_What is being asked_.
Please copy each line of the records below that holds the word "Original".

_Listed entries_.
BEGIN

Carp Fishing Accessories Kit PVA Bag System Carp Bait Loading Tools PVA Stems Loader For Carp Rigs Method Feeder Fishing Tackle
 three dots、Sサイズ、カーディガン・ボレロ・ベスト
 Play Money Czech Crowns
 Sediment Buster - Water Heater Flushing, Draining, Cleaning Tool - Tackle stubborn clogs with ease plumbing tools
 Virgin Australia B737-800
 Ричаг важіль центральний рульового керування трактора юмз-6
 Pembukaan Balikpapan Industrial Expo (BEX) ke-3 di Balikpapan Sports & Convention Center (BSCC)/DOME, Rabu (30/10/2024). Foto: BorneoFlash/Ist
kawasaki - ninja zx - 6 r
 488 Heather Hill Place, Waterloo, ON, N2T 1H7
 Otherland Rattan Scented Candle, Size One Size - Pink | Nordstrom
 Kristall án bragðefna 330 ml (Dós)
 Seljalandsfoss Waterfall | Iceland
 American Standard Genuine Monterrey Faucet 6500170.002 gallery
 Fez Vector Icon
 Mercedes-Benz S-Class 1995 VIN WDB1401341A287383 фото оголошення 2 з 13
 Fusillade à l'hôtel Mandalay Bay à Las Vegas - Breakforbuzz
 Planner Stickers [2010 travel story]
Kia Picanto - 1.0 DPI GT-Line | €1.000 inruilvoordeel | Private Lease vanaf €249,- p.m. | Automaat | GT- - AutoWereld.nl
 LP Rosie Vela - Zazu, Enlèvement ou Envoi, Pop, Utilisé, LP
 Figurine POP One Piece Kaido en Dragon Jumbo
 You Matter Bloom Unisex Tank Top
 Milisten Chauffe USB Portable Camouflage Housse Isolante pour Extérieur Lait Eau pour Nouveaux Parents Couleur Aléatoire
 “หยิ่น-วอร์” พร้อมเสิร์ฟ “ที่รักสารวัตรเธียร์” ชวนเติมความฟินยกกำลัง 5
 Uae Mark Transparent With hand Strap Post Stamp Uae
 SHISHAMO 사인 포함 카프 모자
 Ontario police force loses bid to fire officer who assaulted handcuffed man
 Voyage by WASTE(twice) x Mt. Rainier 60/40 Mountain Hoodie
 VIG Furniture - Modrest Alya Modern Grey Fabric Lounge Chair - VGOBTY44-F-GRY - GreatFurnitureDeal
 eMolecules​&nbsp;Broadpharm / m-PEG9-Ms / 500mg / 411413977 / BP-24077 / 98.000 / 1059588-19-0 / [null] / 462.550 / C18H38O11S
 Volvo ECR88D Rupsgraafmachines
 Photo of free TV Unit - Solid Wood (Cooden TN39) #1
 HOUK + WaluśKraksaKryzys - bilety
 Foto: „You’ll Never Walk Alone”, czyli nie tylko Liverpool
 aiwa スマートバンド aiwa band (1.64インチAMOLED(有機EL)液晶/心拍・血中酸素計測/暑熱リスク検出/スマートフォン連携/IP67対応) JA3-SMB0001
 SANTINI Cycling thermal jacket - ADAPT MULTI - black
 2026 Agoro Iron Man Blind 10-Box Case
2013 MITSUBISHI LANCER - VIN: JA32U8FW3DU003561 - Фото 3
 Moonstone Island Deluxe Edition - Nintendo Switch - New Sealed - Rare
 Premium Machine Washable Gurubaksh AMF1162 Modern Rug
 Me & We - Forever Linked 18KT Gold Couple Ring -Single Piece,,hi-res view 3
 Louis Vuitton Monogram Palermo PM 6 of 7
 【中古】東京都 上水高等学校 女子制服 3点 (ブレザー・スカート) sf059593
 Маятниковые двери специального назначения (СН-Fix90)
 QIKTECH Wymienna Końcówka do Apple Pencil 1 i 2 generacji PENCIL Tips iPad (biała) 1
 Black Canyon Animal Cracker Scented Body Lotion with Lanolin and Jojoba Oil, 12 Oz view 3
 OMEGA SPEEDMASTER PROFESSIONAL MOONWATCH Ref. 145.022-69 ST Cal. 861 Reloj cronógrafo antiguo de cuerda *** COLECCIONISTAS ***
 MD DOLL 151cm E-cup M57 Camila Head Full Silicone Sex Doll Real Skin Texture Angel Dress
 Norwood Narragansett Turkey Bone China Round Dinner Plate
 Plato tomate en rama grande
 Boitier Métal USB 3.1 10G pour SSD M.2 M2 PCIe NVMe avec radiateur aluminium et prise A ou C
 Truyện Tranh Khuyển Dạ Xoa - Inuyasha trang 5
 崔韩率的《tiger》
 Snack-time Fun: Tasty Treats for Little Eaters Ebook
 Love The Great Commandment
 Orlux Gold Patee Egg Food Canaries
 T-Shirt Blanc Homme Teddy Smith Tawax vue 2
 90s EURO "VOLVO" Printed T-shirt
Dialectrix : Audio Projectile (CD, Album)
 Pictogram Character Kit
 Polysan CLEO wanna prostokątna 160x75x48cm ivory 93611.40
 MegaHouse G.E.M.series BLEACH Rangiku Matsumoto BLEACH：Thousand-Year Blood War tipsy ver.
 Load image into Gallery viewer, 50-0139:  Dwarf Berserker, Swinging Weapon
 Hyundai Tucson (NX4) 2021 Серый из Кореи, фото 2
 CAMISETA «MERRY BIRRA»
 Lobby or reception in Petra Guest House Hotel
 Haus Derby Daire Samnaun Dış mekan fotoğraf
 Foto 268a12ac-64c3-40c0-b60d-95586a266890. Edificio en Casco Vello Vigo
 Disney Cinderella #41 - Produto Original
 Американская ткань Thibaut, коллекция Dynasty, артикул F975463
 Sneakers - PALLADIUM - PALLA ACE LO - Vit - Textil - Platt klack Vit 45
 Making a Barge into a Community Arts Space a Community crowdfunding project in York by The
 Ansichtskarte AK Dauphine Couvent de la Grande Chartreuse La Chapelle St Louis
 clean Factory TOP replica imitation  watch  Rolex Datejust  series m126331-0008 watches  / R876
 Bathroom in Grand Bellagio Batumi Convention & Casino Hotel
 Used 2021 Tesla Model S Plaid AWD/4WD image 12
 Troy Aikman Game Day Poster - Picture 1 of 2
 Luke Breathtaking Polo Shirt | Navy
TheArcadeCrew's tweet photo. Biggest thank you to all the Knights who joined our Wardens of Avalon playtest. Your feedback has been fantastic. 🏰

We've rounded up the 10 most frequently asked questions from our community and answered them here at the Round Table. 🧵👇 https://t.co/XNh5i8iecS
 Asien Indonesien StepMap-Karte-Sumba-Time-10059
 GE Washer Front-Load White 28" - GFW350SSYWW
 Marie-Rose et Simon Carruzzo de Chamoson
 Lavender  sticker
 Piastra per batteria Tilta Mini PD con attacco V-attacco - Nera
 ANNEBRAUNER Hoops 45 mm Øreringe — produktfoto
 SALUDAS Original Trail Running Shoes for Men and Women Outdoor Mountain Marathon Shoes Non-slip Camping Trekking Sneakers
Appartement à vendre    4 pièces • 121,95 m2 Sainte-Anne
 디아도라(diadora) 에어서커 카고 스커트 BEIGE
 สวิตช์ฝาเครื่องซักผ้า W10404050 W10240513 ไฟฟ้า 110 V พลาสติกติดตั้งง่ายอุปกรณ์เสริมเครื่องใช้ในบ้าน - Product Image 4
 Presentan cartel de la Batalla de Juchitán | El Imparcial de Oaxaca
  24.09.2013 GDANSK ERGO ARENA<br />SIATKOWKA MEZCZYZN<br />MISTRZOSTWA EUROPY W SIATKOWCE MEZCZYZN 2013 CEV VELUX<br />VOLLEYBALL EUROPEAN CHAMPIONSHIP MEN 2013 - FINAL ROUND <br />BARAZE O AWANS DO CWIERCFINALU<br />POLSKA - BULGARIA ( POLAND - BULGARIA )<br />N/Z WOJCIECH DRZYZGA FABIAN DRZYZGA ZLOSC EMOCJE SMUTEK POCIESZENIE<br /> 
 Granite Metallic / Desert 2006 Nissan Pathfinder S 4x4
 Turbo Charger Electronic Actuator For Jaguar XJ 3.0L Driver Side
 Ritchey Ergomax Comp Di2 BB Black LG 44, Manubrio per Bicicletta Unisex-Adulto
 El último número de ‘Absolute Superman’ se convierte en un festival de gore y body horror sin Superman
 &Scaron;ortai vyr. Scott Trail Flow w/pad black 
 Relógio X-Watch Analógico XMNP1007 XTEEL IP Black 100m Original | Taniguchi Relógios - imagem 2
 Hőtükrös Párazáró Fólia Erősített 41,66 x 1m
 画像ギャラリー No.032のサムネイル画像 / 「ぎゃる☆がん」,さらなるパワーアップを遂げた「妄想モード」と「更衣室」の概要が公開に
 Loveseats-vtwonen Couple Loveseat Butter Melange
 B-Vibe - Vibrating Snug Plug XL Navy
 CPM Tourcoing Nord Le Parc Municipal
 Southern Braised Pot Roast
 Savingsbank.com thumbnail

END

_Result for this task_.
 Disney Cinderella #41 - Produto Original
 SALUDAS Original Trail Running Shoes for Men and Women Outdoor Mountain Marathon Shoes Non-slip Camping Trekking Sneakers
 Relógio X-Watch Analógico XMNP1007 XTEEL IP Black 100m Original | Taniguchi Relógios - imagem 2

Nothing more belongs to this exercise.